Web page caption snippets:
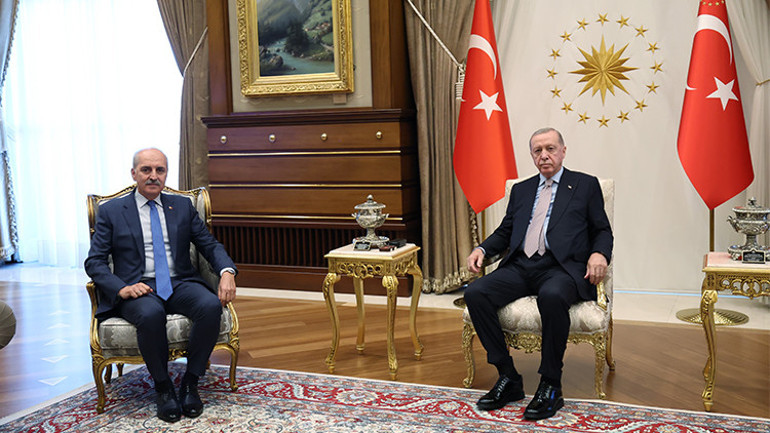 Cumhurbaşkanı Erdoğan ve Numan Kurtulmuş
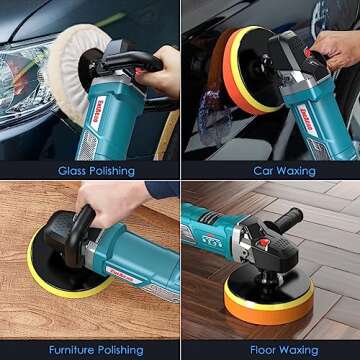 ENEACRO 1800W Rotary Polisher - Versatile & Powerful
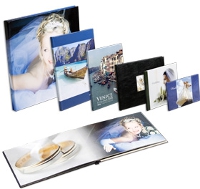 Exemples d'albums photo reliés par agrafage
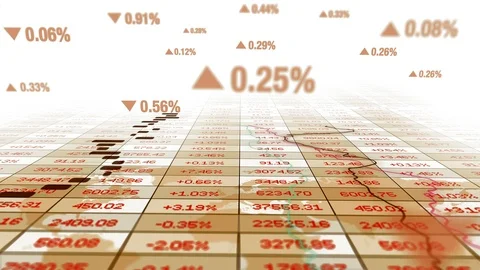 Financial Sales Profits Data Statistic Infographic Background Stock Footage 96715625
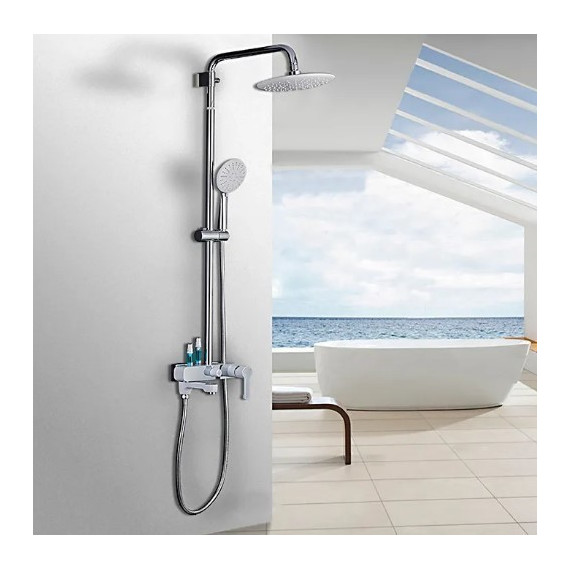 Душевая стойка Gappo Tomahawk G2402-8, белый/хром - фото, картинка 2 Душевая стойка Gappo Tomahawk G2402-8, белый/хром - фото 2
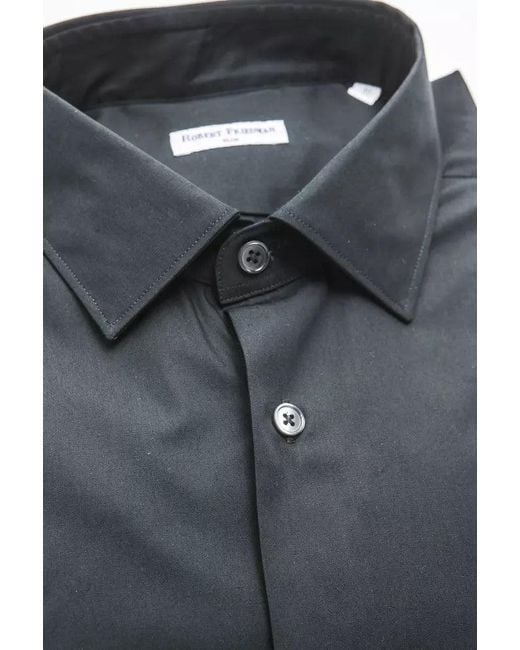 Robert Friedman Gray Cotton Shirt for men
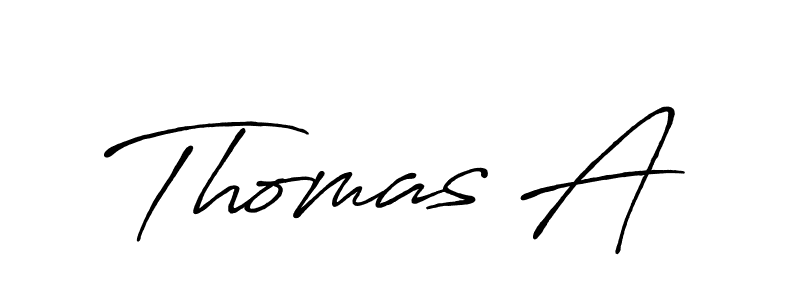 Use a signature maker to create a handwritten signature online. With this signature software, you can design (Antro_Vectra_Bolder) your own signature for name Thomas A. Thomas A signature style 7 images and pictures png
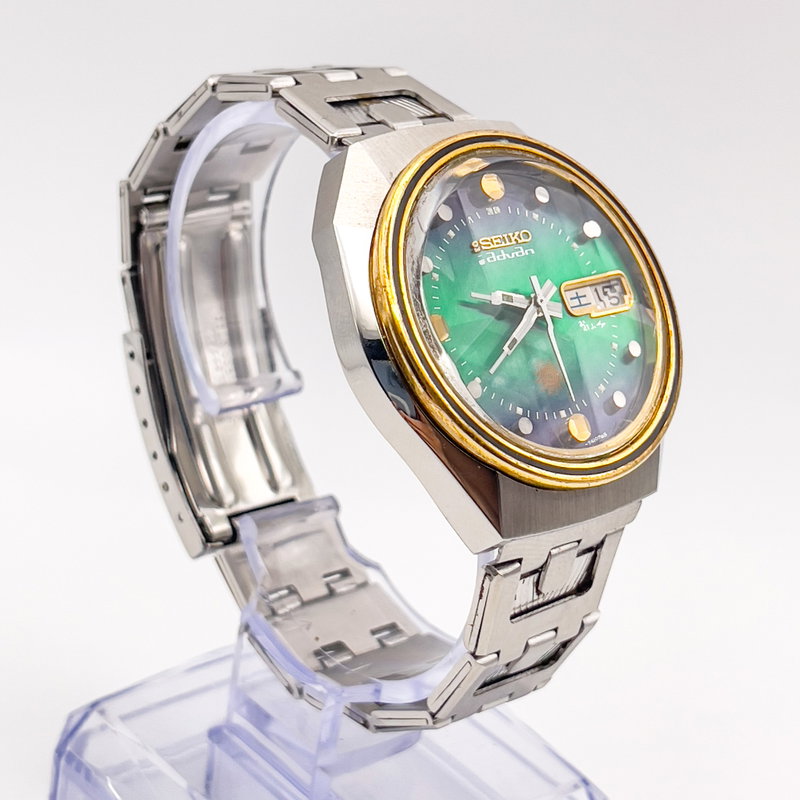 Seiko Seiko - Advan "Gradient Sunburst" 輝模 (Kimō) – Radiant Form - No reserve price - 7019-7300 - Men - 1973 vintage watch - image 5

- _Instructions to follow_
Please retype the data exactly as it appears, but without any of its pictures.

- _Written response_
 Cumhurbaşkanı Erdoğan ve Numan Kurtulmuş
 ENEACRO 1800W Rotary Polisher - Versatile & Powerful
 Exemples d'albums photo reliés par agrafage
 Financial Sales Profits Data Statistic Infographic Background Stock Footage 96715625
 Душевая стойка Gappo Tomahawk G2402-8, белый/хром - фото, картинка 2 Душевая стойка Gappo Tomahawk G2402-8, белый/хром - фото 2
 Robert Friedman Gray Cotton Shirt for men
 Use a signature maker to create a handwritten signature online. With this signature software, you can design (Antro_Vectra_Bolder) your own signature for name Thomas A. Thomas A signature style 7 images and pictures png
 Seiko Seiko - Advan "Gradient Sunburst" 輝模 (Kimō) – Radiant Form - No reserve price - 7019-7300 - Men - 1973 vintage watch - image 5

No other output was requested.